What is the final temperature, in oC, after a 26.5 g piece of ice, at 0oC, is placed in a styrofoam cup with 122 g of water initially at 73.8oC

the specific heat of water = 4.184 JK-1g-1
The heat of fusion of ice = 333 Jg-1

heat to melt ice + heat to raise T of melted ice from zero C to the final T + heat lost by warm water = 0

1st term:
mass ice x deltaH fusion.

2nd term:
mass melted ice x specific heat water x (Tfinal-Tinitial)

3rd term:
mass hot water x specific heat water x (Tfinal-Tinitial)

Add all of them, set to zero, and solve for the only unknown; i.e., Tfinal.

To find the final temperature, we need to use the principle of conservation of energy.
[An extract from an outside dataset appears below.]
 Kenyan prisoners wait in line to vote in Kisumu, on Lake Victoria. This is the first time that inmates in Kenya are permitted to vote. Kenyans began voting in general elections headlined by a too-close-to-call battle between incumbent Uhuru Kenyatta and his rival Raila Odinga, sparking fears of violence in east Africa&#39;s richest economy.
The heat lost by the water and ice system is equal to the heat gained by the surrounding environment (styrofoam cup).

First, let's calculate the heat lost by the water:

Q_water = m_water * c_water * ΔT_water

where:
- Q_water is the heat lost by the water
- m_water is the mass of water = 122 g
- c_water is the specific heat of water = 4.184 J/(g°C)
- ΔT_water is the change in temperature of water = final temperature - initial temperature = final temperature - 73.8°C

Next, let's calculate the heat gained by the ice during the process of reaching the final temperature:

Q_ice = m_ice * L_fusion + m_ice * c_ice * ΔT_ice

where:
- Q_ice is the heat gained by the ice
- m_ice is the mass of ice = 26.5 g
- L_fusion is the heat of fusion of ice = 333 J/g
- c_ice is the specific heat of ice (which is negligible compared to water's specific heat) = 2.09 J/(g°C)
- ΔT_ice is the change in temperature of ice = final temperature - 0°C

Since the heat lost by the water is equal to the heat gained by the ice, we can set up an equation:

Q_water = Q_ice

m_water * c_water * ΔT_water = m_ice * L_fusion + m_ice * c_ice * ΔT_ice

Substituting the given values:

122 g * 4.184 J/(g°C) * (final temperature - 73.8°C) = 26.5 g * 333 J/g + 26.5 g * 2.09 J/(g°C) * (final temperature - 0°C)

Now we can solve this equation to find the final temperature.